Parallel Sets vs. Mosaic Plots (Take I)
Robert has released the wonderful parallel sets tool in version 2. It is JAVA, it is interactive – so what do we want more! As I spent some time thinking about the display of categorical data and creating tools for their visualization myself, I thought it would be a great idea to compare the parallel sets approach with mosaic plots and variants like fluctuation diagrams and multiple barcharts. I used the parallel sets tool and Mondrian to create the plots.
Now, when it comes to categorical data, there is no way to get around the
Titanic data
The most interesting feature to find in the Titanic data is the “woman and children first” policy. One oddity is the very small group of surviving male in 2nd class. This feature is queried in both plots.
In both plots we see that there is something wrong with the size of the group of surviving 2nd class males. The policy “woman and children first” though, I find hard to see in the parallel sets – this might be a problem of a better ordering of the axes in the parallel sets view.
Detergent Data
One strength of mosaic plots is to show the degree of an association. The detergent data is a very good example to illustrate this. Let’s see how the two visualizations compare:
Whereas the stronger association between “Preference” and “M-User” is fairly obvious towards harder water and higher temperatures in the mosaic plot, I just see a (nice) regular pattern in the parallel sets.
Census Data
We finally want to look at a type of data where I know that mosaic plots usually have a hard time to deliver decent results and it is usually better to use multiple barcharts or fluctuation diagrams instead
I left out the standard mosaic plot altogether as it fails completely to give any information that can be interpreted. Censored zooming is incredible useful here.

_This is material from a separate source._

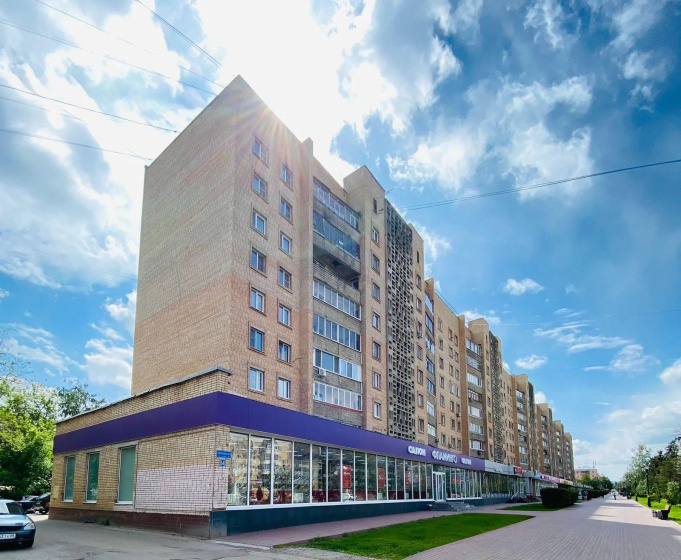 ТетаДом на улице Интернациональная 54 — отель в Тамбове, Россия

I don’t want to summarize by now as I still need to learn more about parallel sets (which, btw are the same what Matt called hammock plots before).
Looking forward to your comments – which will hopefully lead to take II.
These examples display reference material jammed into a graphic that in itself makes no particular point. The designers have created a puzzle not a ‘solution’. While numeric riddles may be useful in newspapers or magazines, they are generally a barrier to communication. Why not just leave reference data in a reference table?
Although untrendy the humble table has proved to be a reliable, robust and readable structure for presenting data for the past 3,000 years. An old phrase flies into mind: “The emperor has no clothes”. Or perhaps I am being too harsh?